La De Tomaso Pantera viene lanciata nel 1970 grazie alla volontà congiunta di Alejandro De Tomaso, che deve rimpiazzare la bellissima ma obsoleta Mangusta, e di Ford, che supporta il produttore italo-argentino e che vuole cavalcare l’onda mediatica dei successi della GT40 per contrastare il successo domestico della Corvette.
Progettata da Giampaolo Dallara, disegnata da Tom Tjaarda e assemblata negli stabilimenti della carrozzeria Vignale la Pantera, grintosa e affilata coupé a due posti con motore centrale, viene consegnata a partire dalla primavera del 1971. In America è venduta direttamente da Ford attraverso la rete Mercury.
Rispetto alla vecchia Mangusta, De Tomaso e Ford prevedono volumi di produzione ben maggiori, e optano quindi per una carrozzeria monoscocca abbinata al V8 Ford Cleveland 351 da oltre 5,7 litri per 330cv scaricati sull’asse posteriore. Completano il quadro i freni a disco autoventilati, il cambio manuale ZF a 5 marce e il differenziale autobloccante.
Nell’agosto del 1972 debutta la Pantera L, con un allestimento migliorato e paraurti maggiorati neri, che in parte sporcano la purezza del bellissimo design iniziale, seguita nel ’73 dalla Pantera GTS, riconoscibile dalla vistosa carrozzeria con livrea bicolore e parafanghi allargati.
Le vendite della Pantera partono bene, nonostante una qualità dell’assemblaggio non proprio sensazionale dovuto alla produzione poco più che artigianale. A guastare i piani commerciali della berlinetta ci pensano la crisi petrolifera del 1973 e le nuove norme Usa in materia di sicurezza ed emissioni, che portano nel giro di qualche mese all’abbandono dell’avventura da parte di Ford.
De Tomaso insiste invece nel credere al futuro della vettura e incarica Tjaarda di ristilizzarla nuovamente; il designer lavora così a quella che, al salone dell’automobile di Los Angeles del 1974, viene presentata come Pantera II. Ma i piani per lo sviluppo della nuova vettura abortiscono rapidamente.

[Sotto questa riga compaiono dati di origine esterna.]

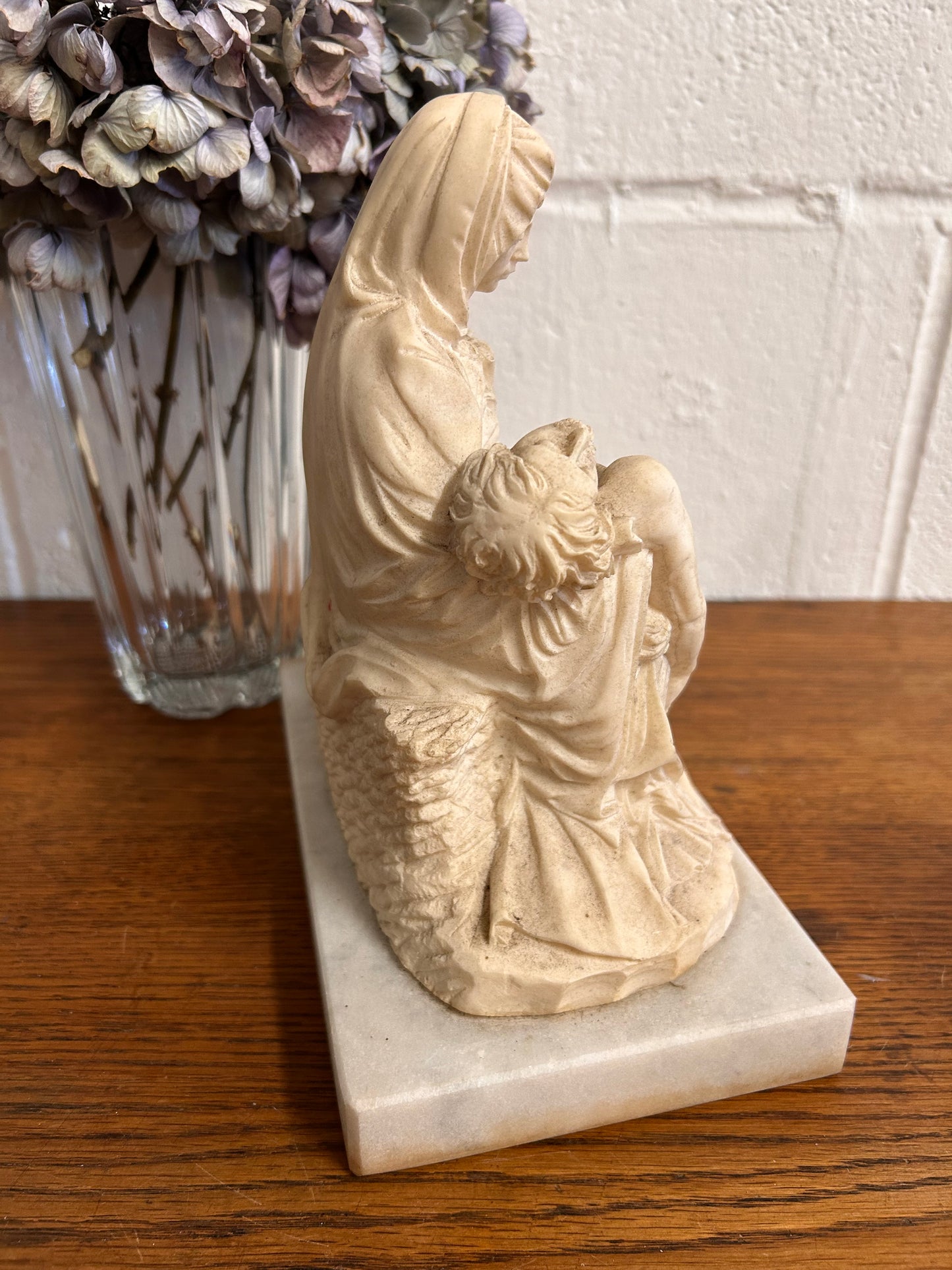 Vintage sculpture titled "Pieta" depicts Mary holding Jesus G. Ruggeri Alabaster & Marble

Ma De Tomaso non aveva fatto i conti sugli effetti della perdita del supporto di Ford che, oltre a fornire i motori e a curare le vendite oltreoceano, all’epoca è proprietaria dell’ex stabilimento Vignale, in cui si producono le carrozzerie della Pantera, e di Ghia, consulente per lo stile e la progettazione.
Tutto ciò porta ad un’impennata dei costi e di conseguenza del prezzo di listino della Pantera, i cui numeri di produzione passano da 40 esemplari a settimana a 1 o 2, e questo nonostante i successi sportivi della macchina, che colleziona diverse vittorie in pista grazie alla facilità e all’economia di elaborazione rispetto alla più blasonata concorrenza europea tra le sportive a motore centrale.
Ma l’argentino non demorde e, dopo un affinamento costante portato avanti per tutti gli anni 70, nel 1980 il telaio della Pantera viene completamente rivisto. Nasce la nuova versione GT5, seguita nel 1984 dalla GT5-S, entrambe caratterizzate da vistosi allargamenti, alettoni e appendici aerodinamiche che fanno il verso alle versioni che ancora mietono successi sui campi di gara.
Pur senza particolari guizzi a livello meccanico, la sportiva emiliana riesce così a tirare avanti fino al 1990, totalizzando 7258 esemplari e portandoci quest’anno a celebrare i cinquant’anni dal lancio e i trenta dall’uscita di produzione. Seguiranno 41 esemplari di una nuova Pantera “Si”, detta anche Pantera “90”, ristilizzata addirittura da Marcello Gandini, ma rappresentano oggi poco più di una curiosità per appassionati del modello.